The beef industry's interest in Chinese chickens dates back to 2003, when a cow in Yakima, Washington, was determined to have mad cow disease. Around the world, countries were quick to respond. Japan, the top foreign consumer of U.S. beef, banned its importation. So did Mexico, South Korea and a score of other countries—China among them. In time, all of these governments reversed their bans except for China.

It is now widely believed that the beef ban is now simply a tactic for China to gain access to the U.S. chicken market.
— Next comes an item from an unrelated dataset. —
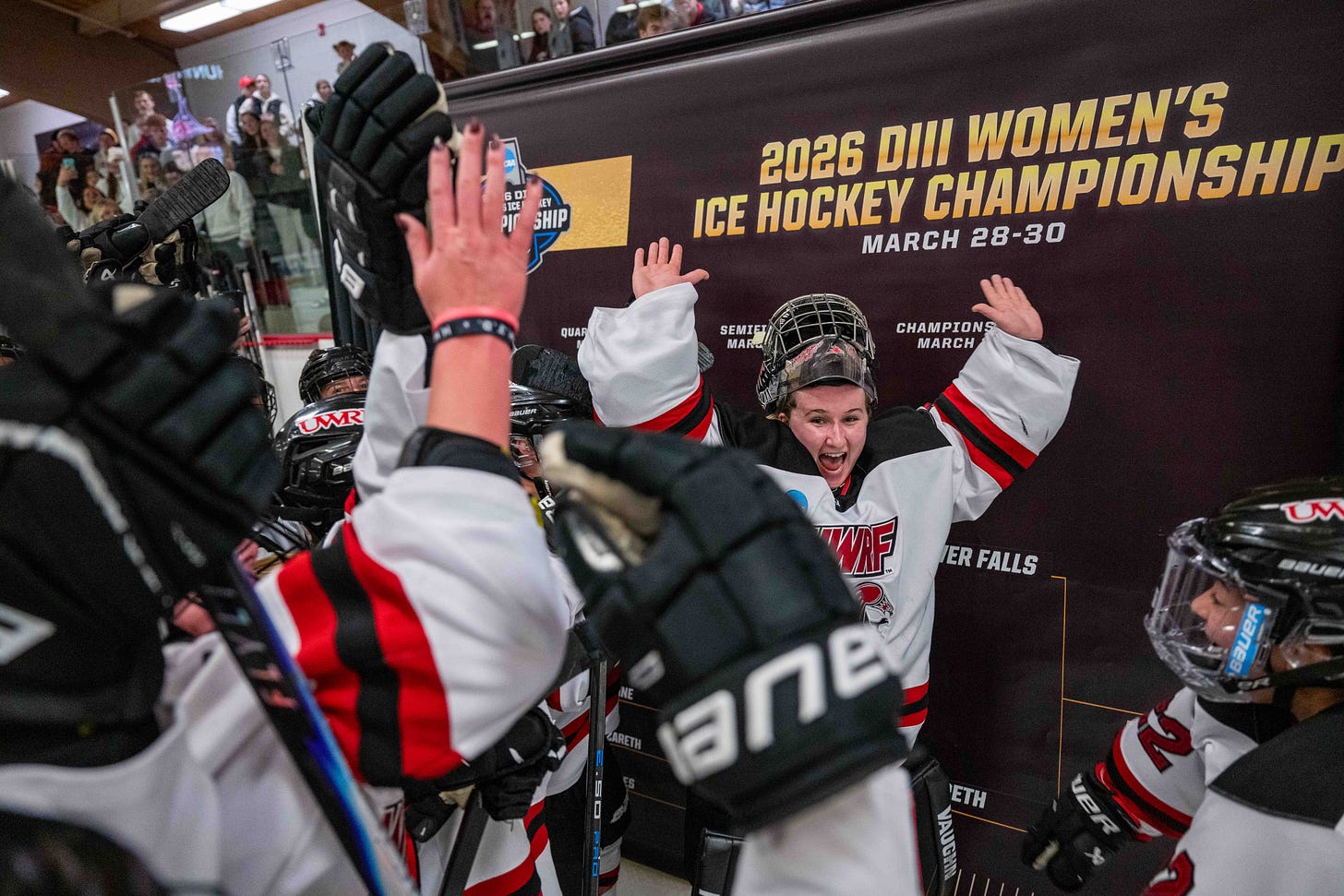 Jordan O'Kane puts her hands in the air as other hockey players celebrate alongside her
Indeed, a 2007 report issued by the FDA indicates that the country would much rather be able to sell its own chickens in America. "They're holding U.S. beef hostage," says DeLauro, "a quid pro quo: U.S. beef in exchange for Chinese chicken."

The problem is that because the USDA has the "dual mission to promote U.S. products and safety," it is easily swayed by these types of tactics, says DeLauro. "When it comes to the USDA, it's all about trade trumping safety. It's all about profits. It's pretty outrageous."
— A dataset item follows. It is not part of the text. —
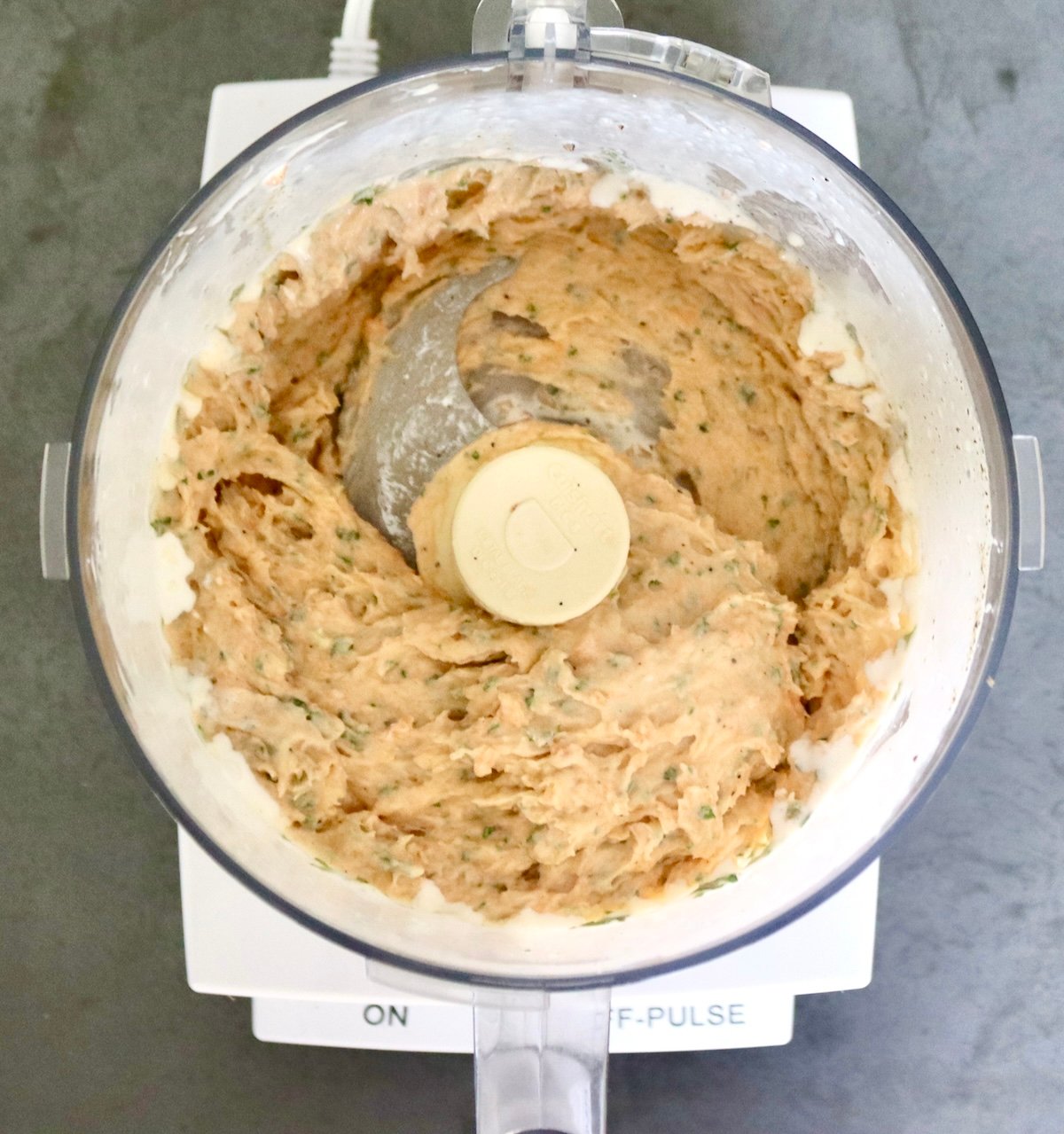 Salmon-and-Cabbage-Recipe Salmon mousse in a food processor bowl fitted with the blade attachment.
The U.S. beef industry, worth $44 billion, is far more profitable than the American chicken industry. Though pork has traditionally dominated the Chinese market—more than half of the world's pork is consumed by China—beef is on the rise there. While beef has historically been considered a luxury good in China, beef consumption has grown by more than 5 percent in the past year, and demand is expected to keep rising. In response, foreign companies are scrambling to get in on the boom. In the past year, Canada's beef exports to China have multiplied six times; Australia, the largest exporter to China, has multiplied its exports by four times; meanwhile, the U.S. still can't send its beef to China.
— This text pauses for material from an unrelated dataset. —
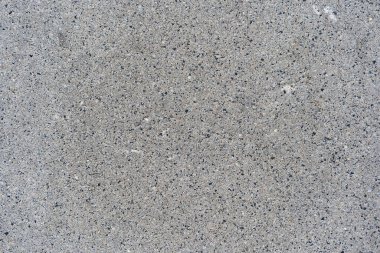 Kaba gri beton yüzey görülebilir toplam ve pürüzlü doku, izole ve eşit ışıklandırılmış. Arkaplan, tasarım projeleri veya inşaatla ilgili görsel içerik için uygundur.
For the U.S. meat industry, the appeal of the chicken-for-beef trade is clear. Profits from the potential exportation of beef to China, Sumner says, "far exceed" the potential losses in giving up a share of the American chicken market. The motive for China selling its chickens in America is less clear. As Sumner explains, the U.S. is the largest producer of both corn and sorghum, which are the major ingredients of chicken feed. "Feed is 60 percent of the cost of a chicken," he says. "Whoever produces the cheapest feed produces the cheapest chicken. That'd be us." That means that even if China is able to sell its chickens in the U.S., it's unlikely it would undercut its American competitors.

Still, activists worry that giving China access to the U.S. chicken market—either to process American-raised poultry or, eventually, to sell its own—is a dangerous gambit, given the Chinese government's poor track record enforcing food safety regulations. For example, in the years leading up to 2008, Chinese customers had been complaining that milk purchased from one of China's largest dairy companies was making children sick. For some reason—either corruption or negligence—officials ignored these concerns. It was only after a foreign shareholder in the company complained to Chinese officials in Beijing that the milk was finally pulled from the market. Eventually, the government prosecuted those involved in the scandal. But for Kowalcyk the response was too late. "The Chinese government shot the people who did that," she says—but not before six infants were killed and more than 50,000 babies were hospitalized. "I can't even imagine who would put melamine in baby formula.

"There are huge problems with China's food safety," she adds. "They're just not there yet."

Correction, September 29, 2014: This text was corrected from an earlier draft version of the article accidentally published due to a production error.